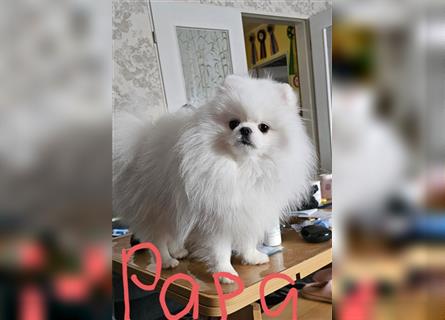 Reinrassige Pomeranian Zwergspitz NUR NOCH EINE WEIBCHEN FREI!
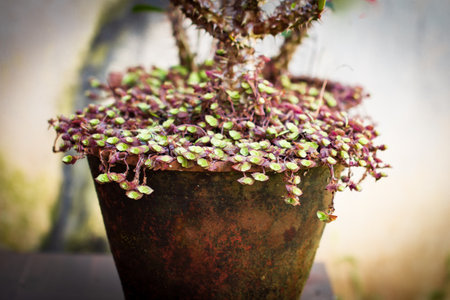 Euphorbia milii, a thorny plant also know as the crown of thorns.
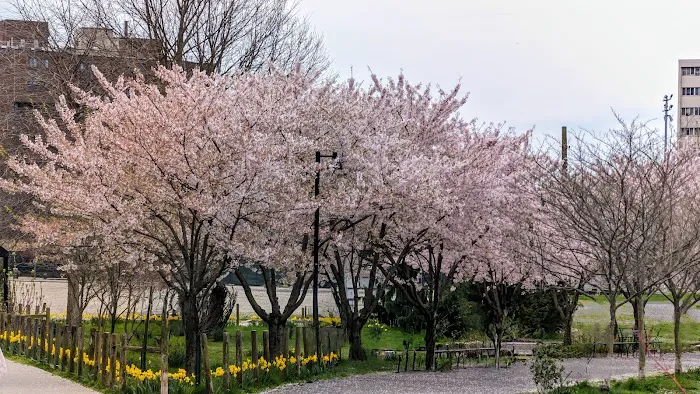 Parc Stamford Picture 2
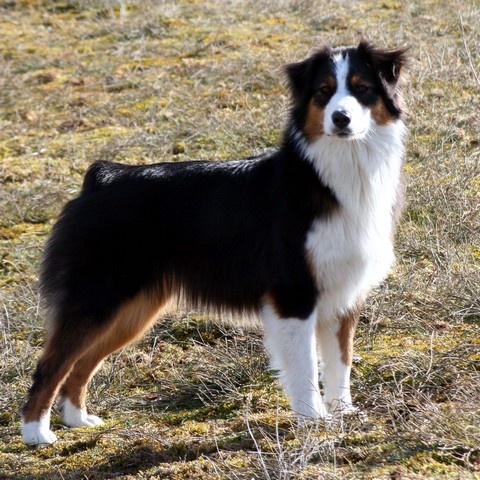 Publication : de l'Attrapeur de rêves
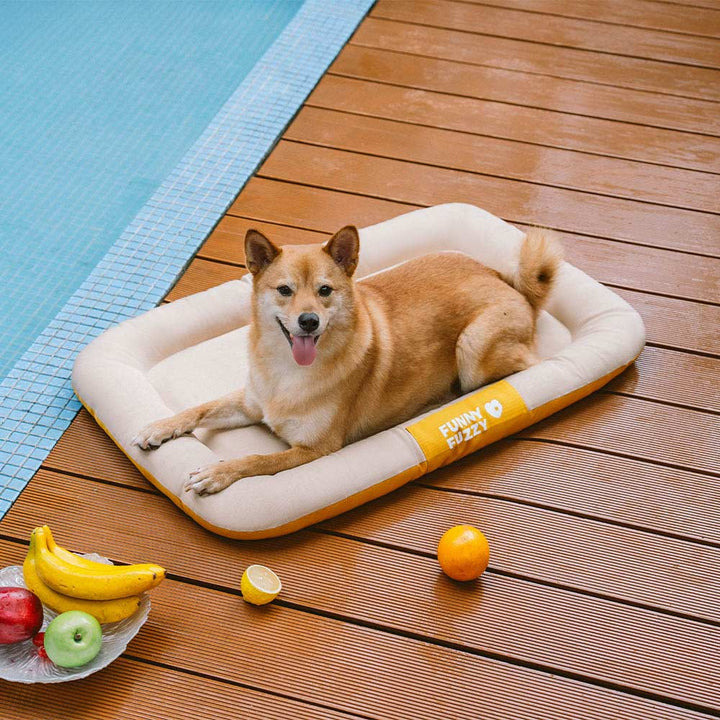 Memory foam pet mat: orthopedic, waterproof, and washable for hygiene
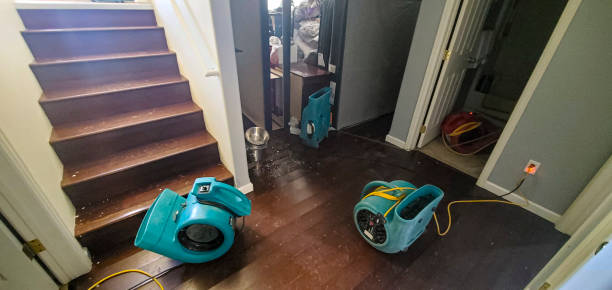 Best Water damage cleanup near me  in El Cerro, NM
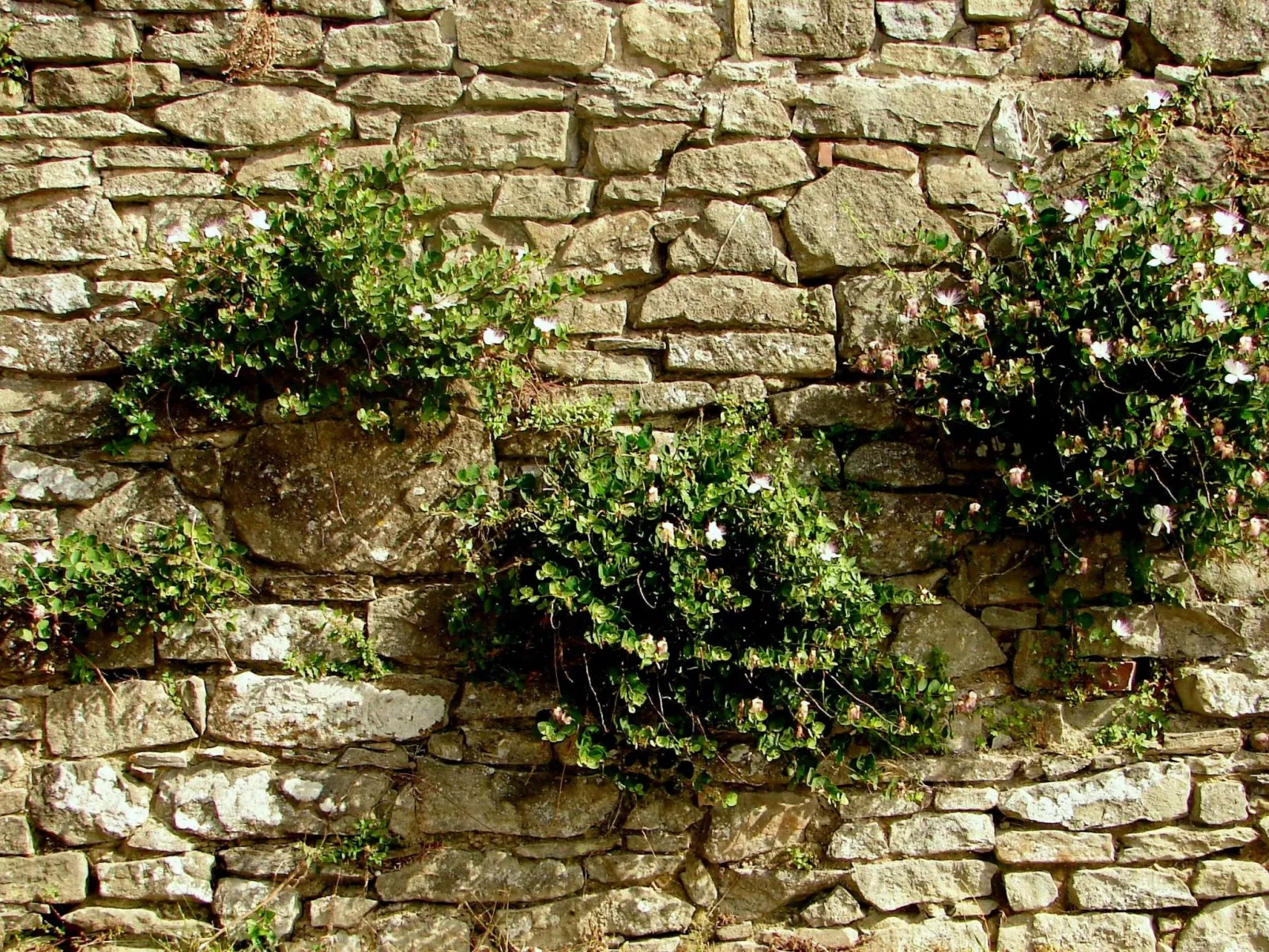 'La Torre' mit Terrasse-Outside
• • •
> _Try it_:
Everything from the line containing "Euphorbia milii, a" to the last line of the listing above must be reproduced exactly, with no pictures included.

> _Reply_:
 Euphorbia milii, a thorny plant also know as the crown of thorns.
 Parc Stamford Picture 2
 Publication : de l'Attrapeur de rêves
 Memory foam pet mat: orthopedic, waterproof, and washable for hygiene
 Best Water damage cleanup near me  in El Cerro, NM
 'La Torre' mit Terrasse-Outside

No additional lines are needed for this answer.